There are always changes taking place, and no one really knows until a month ahead, Patel said. That makes it difficult to accurately staff and provide the right level of service. That’s led to increased focus on leisure transient because of the level of uncertainty in the other demand segments.
Most of the requests for proposals have arrived within the last several weeks, relatively late in the year compared to the negotiations before the pandemic, Atkisson said. Normally, there’s more after the Global Business Travelers Association convention, held this year in August, but the RFPs are only now coming in.
“We are definitely seeing a very tight game window, even as it relates to group and transient,” she said. “I think that everybody’s just trying to maybe wait and see closer to the time what things are like because they’ve been just so hard to forecast.”
While this hasn’t proved to be a challenge operationally, it’s making planning the 2023 budget difficult given that this would represent a significant source of hotel revenue, Atkisson said.
Services and Amenities
Clients are asking a lot more questions besides just what rate they’ll have to pay, Patel said. Many are focusing on what the properties are doing with their cleanliness protocols, looking for things such as electrostatic sprayers in rooms, sanitation procedures and how long a room is held after a guest leaves.

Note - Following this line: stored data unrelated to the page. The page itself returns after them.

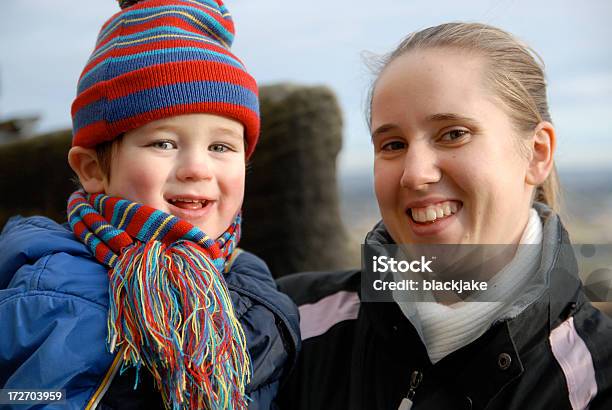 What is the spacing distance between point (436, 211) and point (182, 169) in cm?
73

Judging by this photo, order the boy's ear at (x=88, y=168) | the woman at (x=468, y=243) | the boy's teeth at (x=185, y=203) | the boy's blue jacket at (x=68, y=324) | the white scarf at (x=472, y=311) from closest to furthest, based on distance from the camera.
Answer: the boy's blue jacket at (x=68, y=324) < the woman at (x=468, y=243) < the white scarf at (x=472, y=311) < the boy's teeth at (x=185, y=203) < the boy's ear at (x=88, y=168)

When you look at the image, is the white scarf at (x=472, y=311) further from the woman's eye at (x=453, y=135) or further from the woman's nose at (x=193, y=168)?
the woman's nose at (x=193, y=168)

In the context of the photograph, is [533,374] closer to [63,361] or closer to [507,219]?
[507,219]

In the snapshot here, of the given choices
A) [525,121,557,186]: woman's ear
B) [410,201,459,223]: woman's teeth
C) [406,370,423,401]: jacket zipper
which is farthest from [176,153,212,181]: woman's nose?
[525,121,557,186]: woman's ear

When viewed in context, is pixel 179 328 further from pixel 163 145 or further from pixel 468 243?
pixel 468 243

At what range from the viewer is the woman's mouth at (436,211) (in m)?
1.77

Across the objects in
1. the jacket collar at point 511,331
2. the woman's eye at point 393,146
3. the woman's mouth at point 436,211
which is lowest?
the jacket collar at point 511,331

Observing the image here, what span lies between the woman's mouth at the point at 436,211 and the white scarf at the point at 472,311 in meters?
0.23

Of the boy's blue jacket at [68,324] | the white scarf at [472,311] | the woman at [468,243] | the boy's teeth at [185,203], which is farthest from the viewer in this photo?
Result: the boy's teeth at [185,203]

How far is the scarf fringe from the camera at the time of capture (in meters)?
1.54

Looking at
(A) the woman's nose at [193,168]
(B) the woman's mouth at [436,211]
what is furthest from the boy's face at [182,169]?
(B) the woman's mouth at [436,211]

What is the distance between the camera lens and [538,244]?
1840 mm

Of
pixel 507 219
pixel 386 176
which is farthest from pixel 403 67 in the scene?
pixel 507 219

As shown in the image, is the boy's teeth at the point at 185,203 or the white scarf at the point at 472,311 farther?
the boy's teeth at the point at 185,203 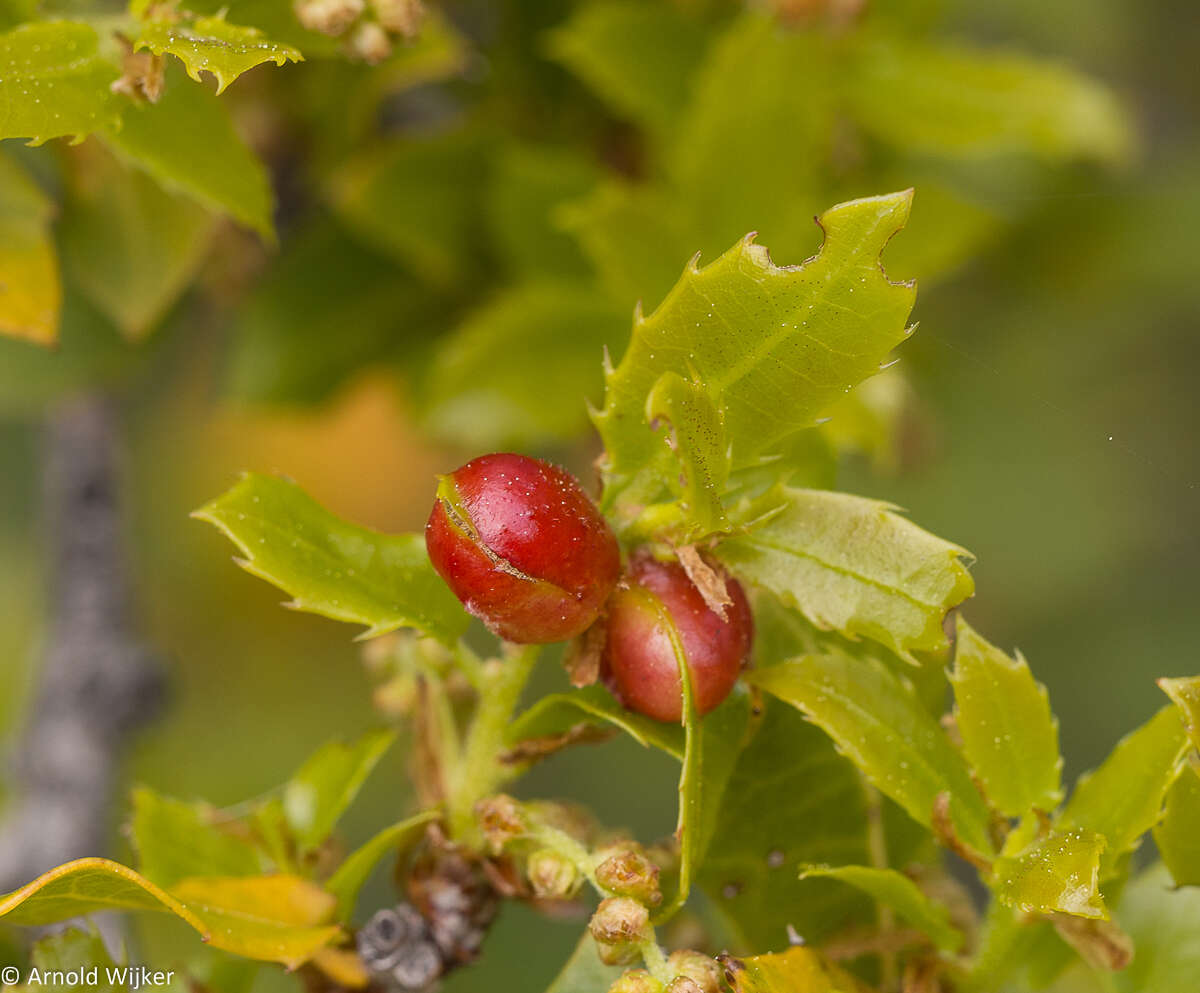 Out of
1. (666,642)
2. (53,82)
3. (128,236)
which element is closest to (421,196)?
(128,236)

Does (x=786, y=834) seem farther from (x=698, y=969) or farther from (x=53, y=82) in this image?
(x=53, y=82)

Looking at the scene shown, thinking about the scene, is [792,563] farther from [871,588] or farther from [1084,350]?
[1084,350]

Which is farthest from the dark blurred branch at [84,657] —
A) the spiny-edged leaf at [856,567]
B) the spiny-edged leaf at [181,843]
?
the spiny-edged leaf at [856,567]

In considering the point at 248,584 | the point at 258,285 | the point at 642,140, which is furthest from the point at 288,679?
the point at 642,140

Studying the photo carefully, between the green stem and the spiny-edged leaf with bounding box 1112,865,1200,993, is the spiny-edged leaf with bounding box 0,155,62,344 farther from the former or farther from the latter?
the spiny-edged leaf with bounding box 1112,865,1200,993

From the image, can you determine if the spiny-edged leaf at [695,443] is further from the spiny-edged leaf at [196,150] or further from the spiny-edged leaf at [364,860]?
the spiny-edged leaf at [196,150]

There’s definitely been an increase in demand for including breakfast in the negotiated rate, he said. It’s an amenity many received prior to the pandemic, and while expectations changed in recent years, that demand is back now.
Everwood’s approach has been that it will provide full breakfasts, because the team knows taking the short-term hit is justified with the expectation that the volume of demand will grow. They’ve taken the same stance on restoring shuttle services.
Another thing clients are asking about is environmental responsibility, Patel said.
“These questions, while they’ve always been around, they’ve never been in the forefront of negotiations and discussions,” he said.
The big thing coming up during negotiations is last room availability, Driscoll said. If an account wants it, that’s a premium and it has to be priced appropriately, she said. If the account doesn’t want it, the hotel can yield out the rooms as needed. If the account gets last room availability, it can have it as long as there is a standard room available.
“At the end of the day for our hotel teams, it’s what’s more important to the client: availability or pricing?” she said. “If it’s availability, you have to price appropriately in the markets where demand is coming back or anticipated to come back.”
Atkisson said her teams have seen a big push for no blackout dates on rates, meaning the accounts want their rate available even when there’s a special event happening in a market. If the hotel can’t give the negotiated rate, the accounts have been asking for fair event pricing.
“So not only are they now asking for no blackout dates, but if there are blackout dates, they want a fair price for those days versus paying what we are selling,” she said.
New Opportunities
There have been many additional industries that have popped up or existing demand generators that have grown stronger since the start of the pandemic, Patel said. Traveling nurses, for example, have been around for a long time, but that segment has grown substantially. So has the overall long-term guest segment.
“We’re seeing a lot of guests coming in extended stay still,” he said.
There are accounts that have had one too many preferred hotels and have been consolidating, Driscoll said. At the same time, other companies are becoming available, so the McNeill team has been challenging their hotels to look outside of their current client mix to find accounts they haven’t worked with before.
Many of the newer accounts the company picked up came during the pandemic, and some of that is because a client in a local market was acquired by a bigger company, she said.
“We’re seeing a lot of companies send us requests for proposals that we’ve never seen before, so we’re having to do a lot of research,” she said. “We’re finding they now have an interest in the market due to either a merger or a purchase of some other company.”